Another example: why are there more and more start-ups developed in Silicon Valley aimed at “replacing mums”? The latter term, which may be more or less accurate, was born in an article from the Business Insider published in May 2015 in which Caron Biz pondered on the growing number of start-ups focused on taking care of your household chores by requesting the service with an app. The reason could be summed up with the fact that Silicon Valley is increasingly populated by people who share the profile: young, unaccustomed to doing laundry, ironing, preparing their own food or cleaning the house, with little time for it, money to pay to another person to do it instead, and the ceaseless trend to seek solutions with their mobile phones. A textbook example of technology developed in response to local needs.

Uber, a paradigm of the Silicon Valley where everything is done with a smartphone (request a ride, pay for it and even set the music to be played through the speakers of the vehicle on the way) had to be adjusted when it arrived at India: for the first time it began to accept cash. What other choice did it have in a country where neither debit cards are common nor bank accounts are as necessary as elsewhere?

An ecosystem of start-ups has been created in Israel that many other nations which are better positioned a priori to create a net of innovative companies able to internationalize, have been unable to replicate. One key is that it is difficult to find clones of other renowned start-ups. While other countries have local or regional versions of Airbnb, Uber, Foursquare and other emerging flashy companies, Israel is committed to originality.

tecnological development
The paradigm of technology for culture is found in these start-ups ecosystems, caused by a whole new era of created needs / Image: Public domain (www.splitshire.com)

Back to the matter at hand, what is it about Israel that makes it so special in regards to this subject? Its geopolitical location gives it an advantage: right in the center between the development and the services of European countries, the industrialization and the technological level of Eastern countries such as Japan, South Korea or Taiwan, and overcrowded emerging economies like India and China. Once again, context.
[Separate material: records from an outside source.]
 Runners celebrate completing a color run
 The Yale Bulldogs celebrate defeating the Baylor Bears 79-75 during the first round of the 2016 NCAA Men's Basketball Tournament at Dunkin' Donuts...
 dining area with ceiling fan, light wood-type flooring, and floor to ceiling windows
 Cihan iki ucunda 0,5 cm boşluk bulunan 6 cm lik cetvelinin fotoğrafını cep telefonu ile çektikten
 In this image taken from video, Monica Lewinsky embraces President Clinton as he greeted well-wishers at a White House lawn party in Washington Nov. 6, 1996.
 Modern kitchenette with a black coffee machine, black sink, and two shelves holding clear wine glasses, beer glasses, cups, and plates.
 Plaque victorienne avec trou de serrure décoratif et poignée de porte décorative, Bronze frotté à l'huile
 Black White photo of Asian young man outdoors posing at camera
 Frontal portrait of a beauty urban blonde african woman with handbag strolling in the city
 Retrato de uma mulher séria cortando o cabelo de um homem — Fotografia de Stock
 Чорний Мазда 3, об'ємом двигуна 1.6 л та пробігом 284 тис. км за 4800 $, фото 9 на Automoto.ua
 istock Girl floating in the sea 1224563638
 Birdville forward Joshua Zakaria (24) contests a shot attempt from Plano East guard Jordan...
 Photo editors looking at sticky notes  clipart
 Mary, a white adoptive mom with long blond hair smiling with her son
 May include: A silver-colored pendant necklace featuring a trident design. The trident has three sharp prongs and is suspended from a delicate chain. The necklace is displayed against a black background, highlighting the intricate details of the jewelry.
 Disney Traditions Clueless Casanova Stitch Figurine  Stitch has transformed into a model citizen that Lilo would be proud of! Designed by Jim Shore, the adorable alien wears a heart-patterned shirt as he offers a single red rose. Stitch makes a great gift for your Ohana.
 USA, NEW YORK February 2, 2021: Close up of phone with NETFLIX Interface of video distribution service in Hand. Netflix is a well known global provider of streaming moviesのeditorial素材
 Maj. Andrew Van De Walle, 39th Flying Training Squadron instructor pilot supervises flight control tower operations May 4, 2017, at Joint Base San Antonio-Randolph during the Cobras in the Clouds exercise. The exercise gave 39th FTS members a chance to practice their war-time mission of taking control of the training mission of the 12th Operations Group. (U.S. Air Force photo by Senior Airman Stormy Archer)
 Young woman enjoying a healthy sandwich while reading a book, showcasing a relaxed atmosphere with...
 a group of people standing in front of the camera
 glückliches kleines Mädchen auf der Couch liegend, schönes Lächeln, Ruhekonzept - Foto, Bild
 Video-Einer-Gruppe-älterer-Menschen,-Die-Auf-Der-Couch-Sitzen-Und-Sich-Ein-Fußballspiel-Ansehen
All of this is summed up well in a study on culture and technology published by Andrew O. Urevbu, professor of educational psychology and curriculum analysis at the University of Benin (Nigeria), included in the website of the UNESCO: “What then is the relationship between culture and technology? The culture of a society determines the nature (form and content) of technological development and the evolution of technological culture. Hence technology is a cultural enterprise that exists in varying degrees in all societies.” Later it refers to technology as “the systematic application of various branches of knowledge to practical problems, which vary from one region to another, depending on the climate or geography or other factors governing the environment which we live.”